::: Supplied records
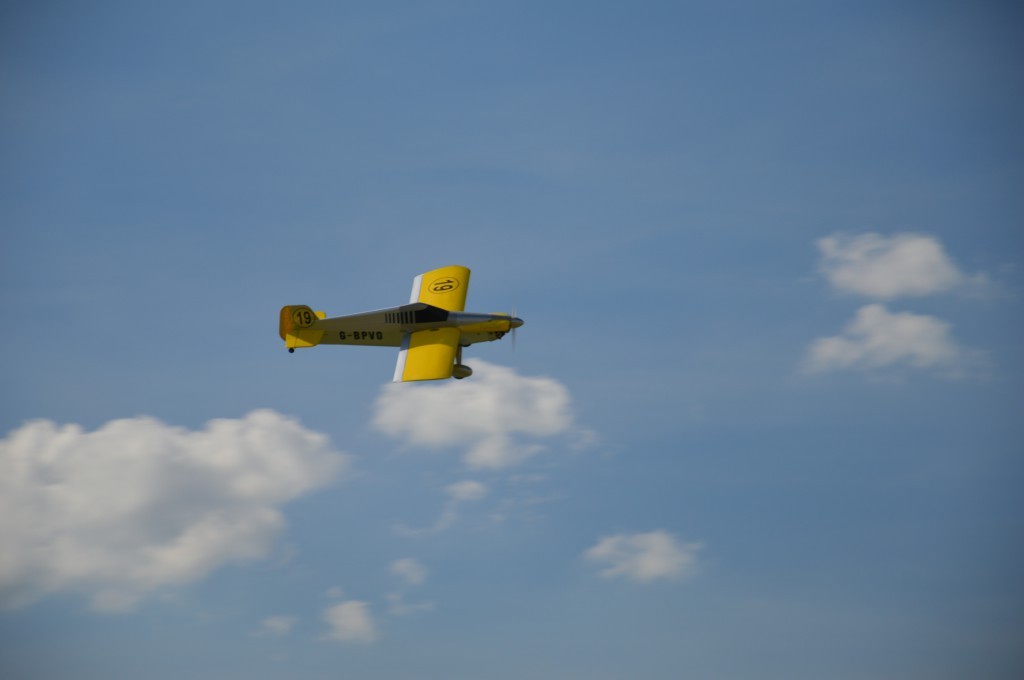 départ lancé , le cassutt de claude fonce vers le 1er pylone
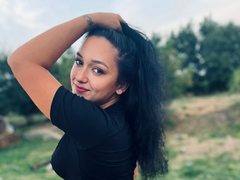 CassiaTrace - female with brown hair and  big tits webcam at ImLive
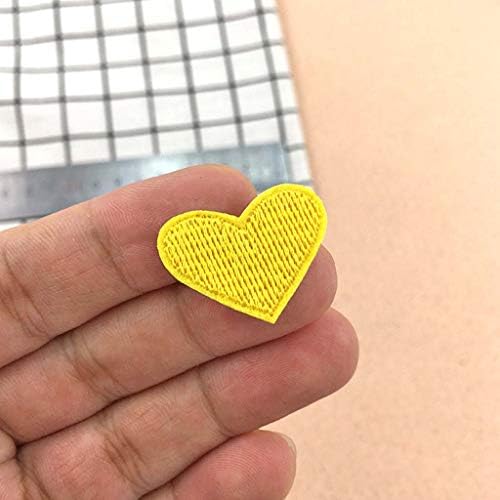 Juland 40pcs Mini Love Heart Emsered Flored zakrpe glačalo na vezenim ručnim ruksačkim mrljama šivati ​​aplikacije za muškarce, žene, dječake, djevojke, djecu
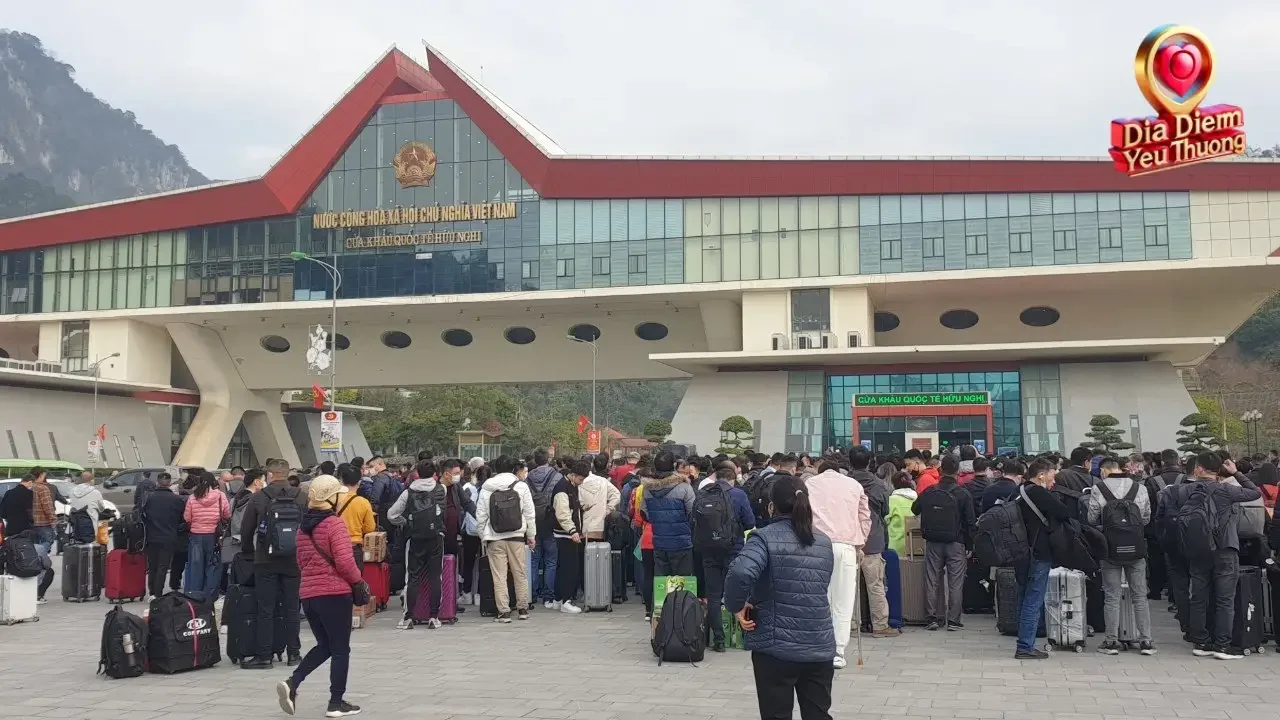 Du Lịch Qua Cửa Khẩu Móng Cái Sang Đông Hưng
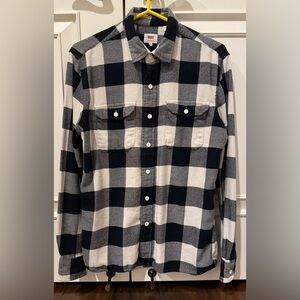 LEVIS Red Tag Flannel Shirt plaid Cream & Black Size Med- 2 front button pockets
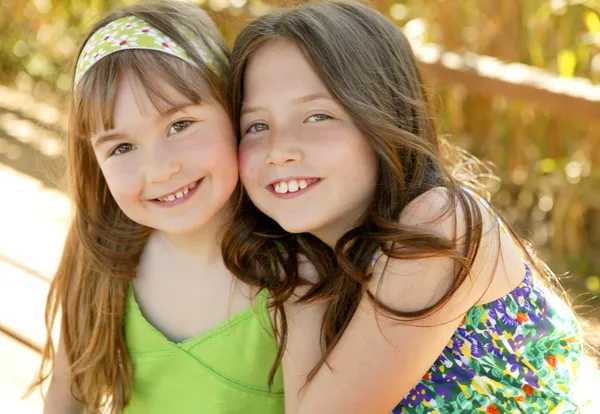 Dos hermanas felices juntas al aire libre — Foto de Stock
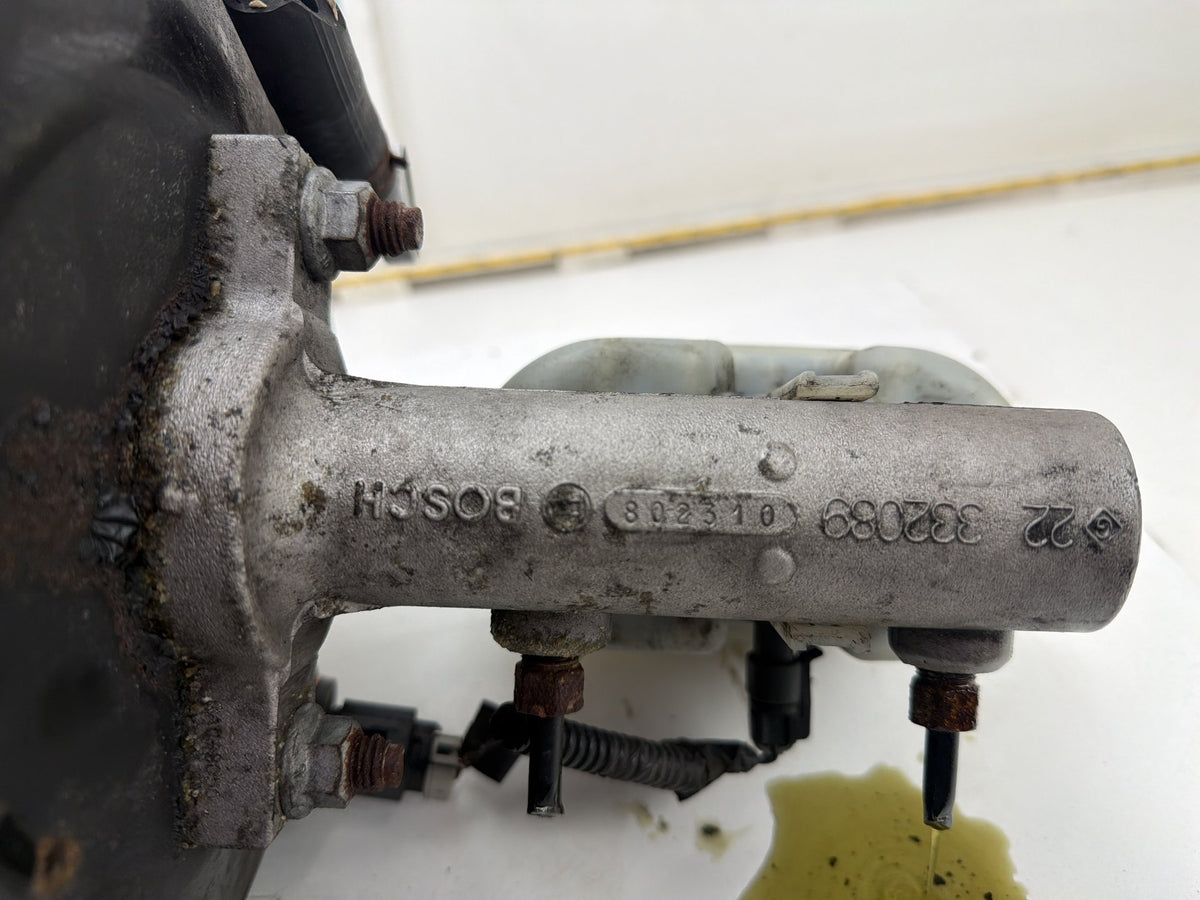 2007-2008 GMC Yukon Denali Brake Booster Master Cylinder Fluid Reservoir OEM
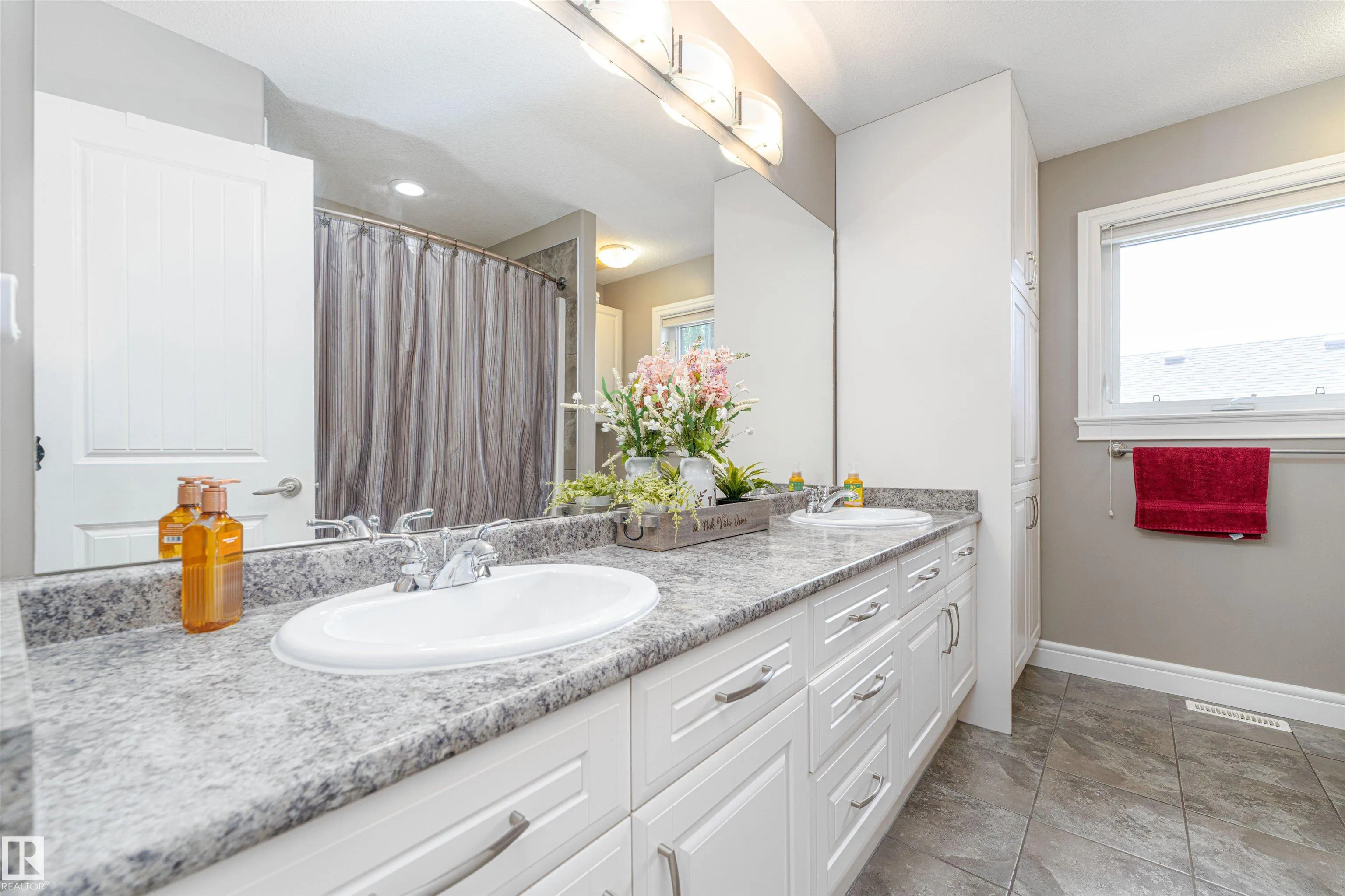 86 OAK VISTA Drive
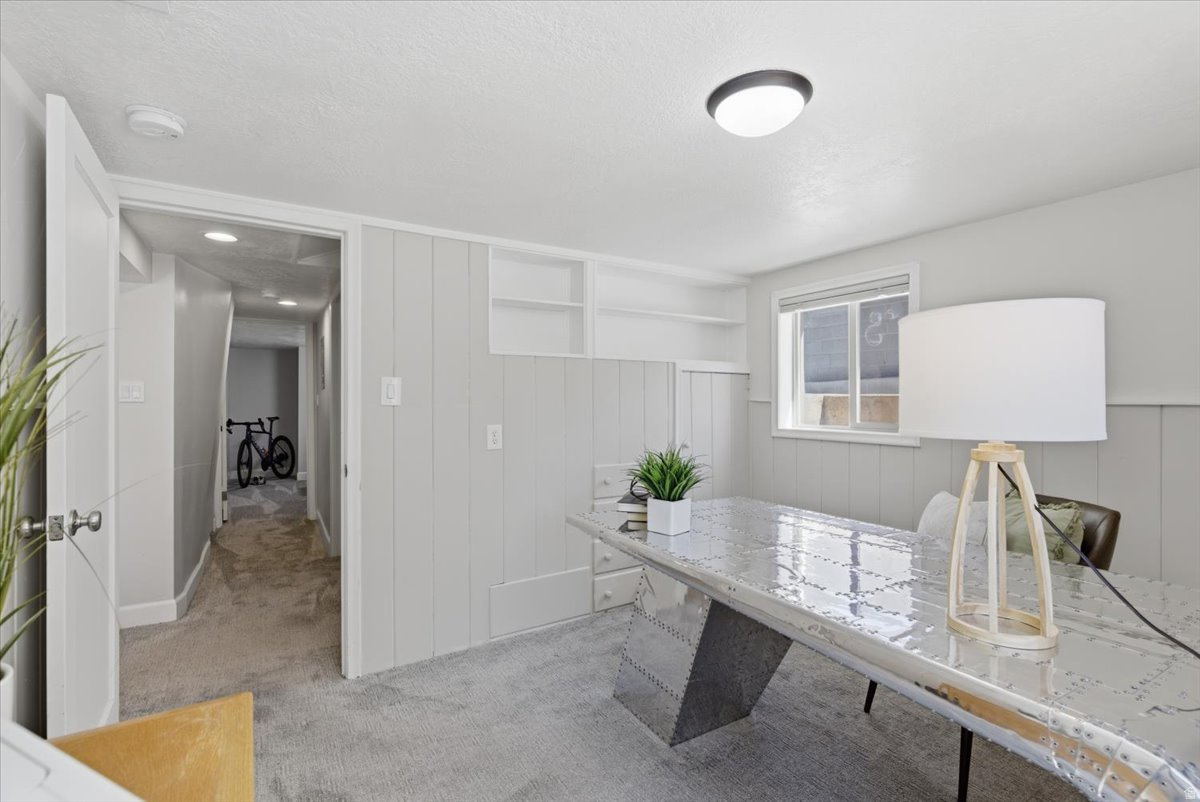 COUNTRY CLUB HEIGHTS - Residential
::::::
What the answer needs is every record above, exactly as written, and no pictures.

 départ lancé , le cassutt de claude fonce vers le 1er pylone
 CassiaTrace - female with brown hair and  big tits webcam at ImLive
 Juland 40pcs Mini Love Heart Emsered Flored zakrpe glačalo na vezenim ručnim ruksačkim mrljama šivati ​​aplikacije za muškarce, žene, dječake, djevojke, djecu
 Du Lịch Qua Cửa Khẩu Móng Cái Sang Đông Hưng
 LEVIS Red Tag Flannel Shirt plaid Cream & Black Size Med- 2 front button pockets
 Dos hermanas felices juntas al aire libre — Foto de Stock
 2007-2008 GMC Yukon Denali Brake Booster Master Cylinder Fluid Reservoir OEM
 86 OAK VISTA Drive
 COUNTRY CLUB HEIGHTS - Residential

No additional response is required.